Kitchen table in Brittany

December 28, 2022

The daily rhythm of life for a French family in Brittany is played out in the kitchen, at the table.

Bill Girdner

By Bill Girdner

Editor of Courthouse News Service.

The kitchen remains the center of the French household. Near Rennes in Britanny, it held a round table, four comfortable wood chairs, was well lit and had a big window looking out onto a frozen front yard. The rhythm of the day revolved around that table.

In the morning, the family I was visiting would come downstairs into the kitchen. All those I visited in Europe had big coffee machines that grind and whir and eventually emit simple, aromatic, satisfying coffee, and that was true here in the small town of Thorigné-Fouillard.

With that we ate toasted bread with local butter and, if you wanted, jam. The bread too remains at the center of French life, the pain du jour, the daily bread.

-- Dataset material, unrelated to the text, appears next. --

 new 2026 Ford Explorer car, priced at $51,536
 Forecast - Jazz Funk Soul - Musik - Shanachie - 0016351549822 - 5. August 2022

Without which life would be missing something essential for the family and for the French.

There were three bakeries within walking distance of the house. The French immediately distinguish between “une boulangerie originale,” where the bread is made, and a store that sells bread made somewhere else. All three were "originale."

When I went into the boulangeries, I usually asked if I could take pictures of the bread racks. For a couple reasons. In the pursuit by Courthouse News of fresh news — fresh the day it's made, stale the next — we often illustrate our coverage of those legal battles with a photo of scrumptious fresh baguettes.

And I remembered my French mother’s shock when she came to Pasadena to live and found that the only bread available in the little, local store was pre-sliced Wonder Bread, in a white, plastic bag with small red, blue and yellow circles of color. Bread that lasted in its unchanging chemical state for a week.

I also took photos of the signs outside tobacco stores that listed “presse” as one of the daily necessities they supplied along with smokes and lottery tickets.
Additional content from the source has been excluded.